Auditor finds issues in the Louisiana Public Defenders Board

BATON ROUGE, LA (WAFB) -

A state legislative auditor report says the Louisiana Public Defender Board (LPDB) does not provide adequate oversight of capital defense services that the law requires. In a report released Monday auditor Daryl Purpera says the capital section of the state public defender's office has some issues.

"We looked at several things and one of the things we found was that they need to make some improvement in their oversight," says Purpera. "For example they need to be monitoring the on-going performance of the attorneys during the trials. They do some work up-front and they might at the end but we believe there needs to be some better procedures for the on-going litigation."

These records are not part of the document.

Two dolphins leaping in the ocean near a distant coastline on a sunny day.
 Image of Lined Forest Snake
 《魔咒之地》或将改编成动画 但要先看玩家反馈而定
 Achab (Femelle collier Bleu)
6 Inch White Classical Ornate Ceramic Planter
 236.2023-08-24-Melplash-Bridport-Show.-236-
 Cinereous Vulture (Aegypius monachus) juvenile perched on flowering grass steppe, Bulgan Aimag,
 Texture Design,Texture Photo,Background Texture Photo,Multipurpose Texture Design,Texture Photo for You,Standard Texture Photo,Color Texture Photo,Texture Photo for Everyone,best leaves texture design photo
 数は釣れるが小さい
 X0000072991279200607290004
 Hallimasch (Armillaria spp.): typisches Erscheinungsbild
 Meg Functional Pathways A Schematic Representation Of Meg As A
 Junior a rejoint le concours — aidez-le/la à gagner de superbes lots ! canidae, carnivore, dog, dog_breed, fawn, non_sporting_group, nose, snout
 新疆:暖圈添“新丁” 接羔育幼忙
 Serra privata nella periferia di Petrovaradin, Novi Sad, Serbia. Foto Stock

Another glaring finding is the tracking of costs associated with the individual death penalty cases. Each one of which is very expensive says defense attorneys.

However an adequate defense is state law for those accused of capital murder.

"They need to a better job of tracking the costs. At this point in time we really don't have a good grasp of what it costs to provide these services so we need them to track costs and that comes in tracking the time these attorneys are spending on the projects and also establishing a salary...a salary ranges and proper salary ranges for the attorneys who are performing these services," says Purpera. "Part of the problem it could be that they are not getting all the funding that they need from their local courts that the money...those dollars are not being collected properly and so the moneys not available to them. That's going to be the subject of another report by my office."

Robert Burns the vice chair of the public defender board issued response to the audit reading in part. "Each (LPDB) office has different reasons for the reduction of local revenues and LPDB agrees that it needs to identify the root causes for the reduction and to work with each district on possible solutions."

State public defender James Dixon eventually returned our phone calls and left a message after state work hours.